Tight Bounds for Sorting Under Partial Information

Sorting has a natural generalization where the input consists of: (1) a ground set $X$ of size $n$, (2) a partial oracle $O_P$ specifying some fixed partial order $P$ on $X$ and (3) a linear oracle $O_L$ specifying a linear order $L$ that extends $P$. The goal is to recover the linear order $L$ on $X$ using the fewest number of linear oracle queries. In this problem, we measure algorithmic complexity through three metrics: oracle queries to $O_L$, oracle queries to $O_P$, and the time spent. Any algorithm requires worst-case $\log_2 e(P)$ linear oracle queries to recover the linear order on $X$. Kahn and Saks presented the first algorithm that uses $\Theta(\log e(P))$ linear oracle queries (using $O(n^2)$ partial oracle queries and exponential time). The state-of-the-art for the general problem is by Cardinal, Fiorini, Joret, Jungers and Munro who at STOC'10 manage to separate the linear and partial oracle queries into a preprocessing and query phase. They can preprocess $P$ using $O(n^2)$ partial oracle queries and $O(n^{2.5})$ time. Then, given $O_L$, they uncover the linear order on $X$ in $\Theta(\log e(P))$ linear oracle queries and $O(n + \log e(P))$ time -- which is worst-case optimal in the number of linear oracle queries but not in the time spent. For $c \geq 1$, our algorithm can preprocess $O_P$ using $O(n^{1 + \frac{1}{c}})$ queries and time. Given $O_L$, we uncover $L$ using $\Theta(c \log e(P))$ queries and time. We show a matching lower bound, as there exist positive constants $(\alpha, \beta)$ where for any constant $c \geq 1$, any algorithm that uses at most $\alpha \cdot n^{1 + \frac{1}{c}}$ preprocessing must use worst-case at least $\beta \cdot c \log e(P)$ linear oracle queries. Thus, we solve the problem of sorting under partial information through an algorithm that is asymptotically tight across all three metrics.

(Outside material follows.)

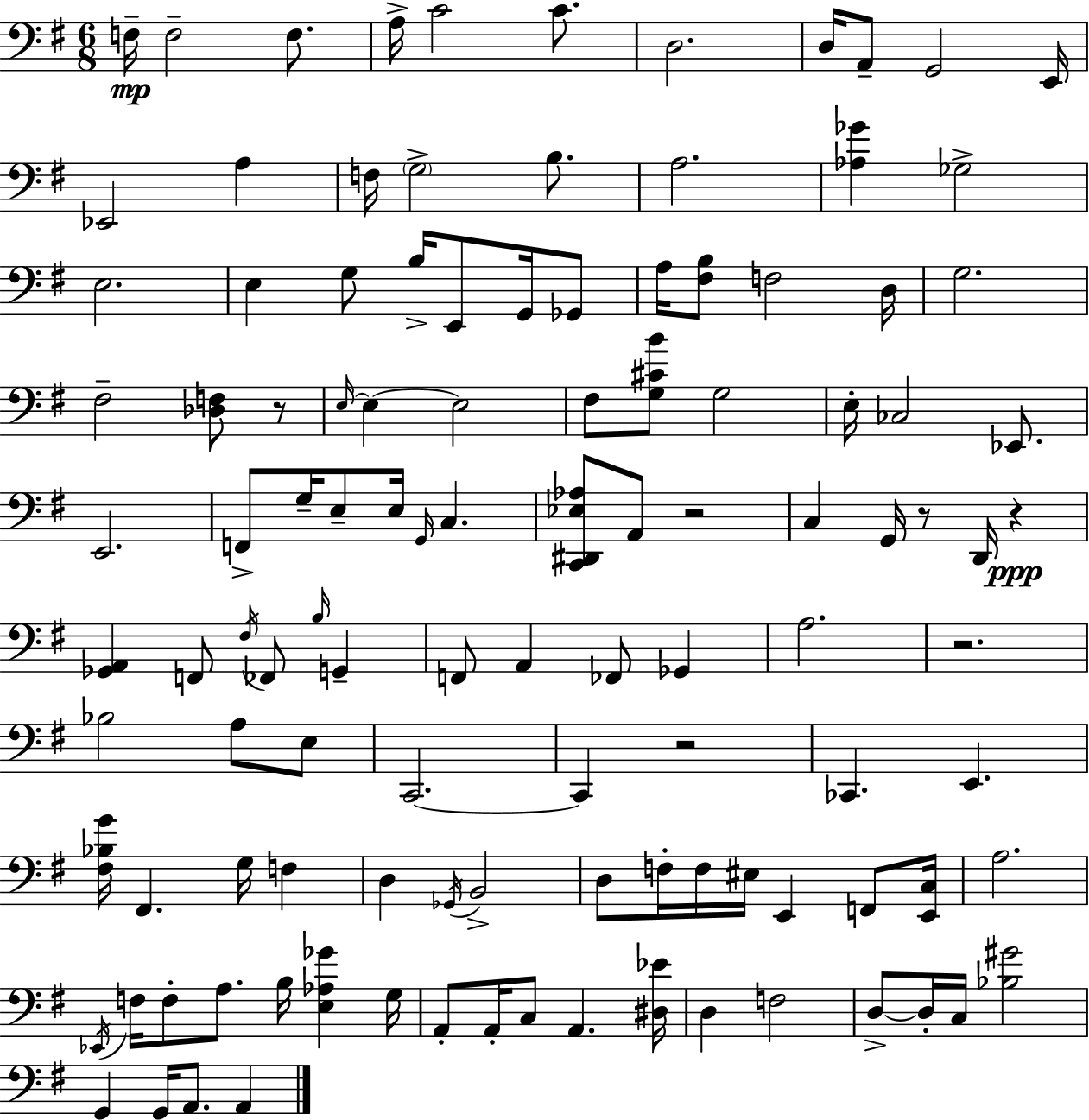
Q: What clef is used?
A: bass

翻译：排序有一个自然的推广，其输入包括：(1) 一个大小为 $n$ 的基集 $X$，(2) 指定 $X$ 上某个固定偏序 $P$ 的偏序预言机 $O_P$，以及 (3) 指定扩展 $P$ 的线性序 $L$ 的线性预言机 $O_L$。目标是利用最少的线性预言机查询次数恢复 $X$ 上的线性序 $L$。在此问题中，我们通过三个度量来衡量算法复杂度：对 $O_L$ 的预言机查询次数、对 $O_P$ 的预言机查询次数以及运行时间。任何算法在最坏情况下都需要 $\log_2 e(P)$ 次线性预言机查询才能恢复 $X$ 上的线性序。Kahn 和 Saks 提出了首个使用 $\Theta(\log e(P))$ 次线性预言机查询的算法（使用 $O(n^2)$ 次偏序预言机查询和指数时间）。该问题的最新进展来自 Cardinal、Fiorini、Joret、Jungers 和 Munro，他们在 STOC'10 上成功地将线性预言机和偏序预言机查询分离为预处理阶段和查询阶段。他们可以使用 $O(n^2)$ 次偏序预言机查询和 $O(n^{2.5})$ 时间预处理 $P$。然后，给定 $O_L$，他们使用 $\Theta(\log e(P))$ 次线性预言机查询和 $O(n + \log e(P))$ 时间揭示 $X$ 上的线性序——这在线性预言机查询次数上是最坏情况最优的，但运行时间并非最优。对于 $c \geq 1$，我们的算法可以使用 $O(n^{1 + \frac{1}{c}})$ 次查询和时间预处理 $O_P$。给定 $O_L$，我们使用 $\Theta(c \log e(P))$ 次查询和时间揭示 $L$。我们给出了一个匹配的下界：存在正常数 $(\alpha, \beta)$，使得对于任意常数 $c \geq 1$，任何使用最多 $\alpha \cdot n^{1 + \frac{1}{c}}$ 次预处理的算法，在最坏情况下必须使用至少 $\beta \cdot c \log e(P)$ 次线性预言机查询。因此，我们通过一个在所有三个度量上渐近紧的算法解决了部分信息下的排序问题。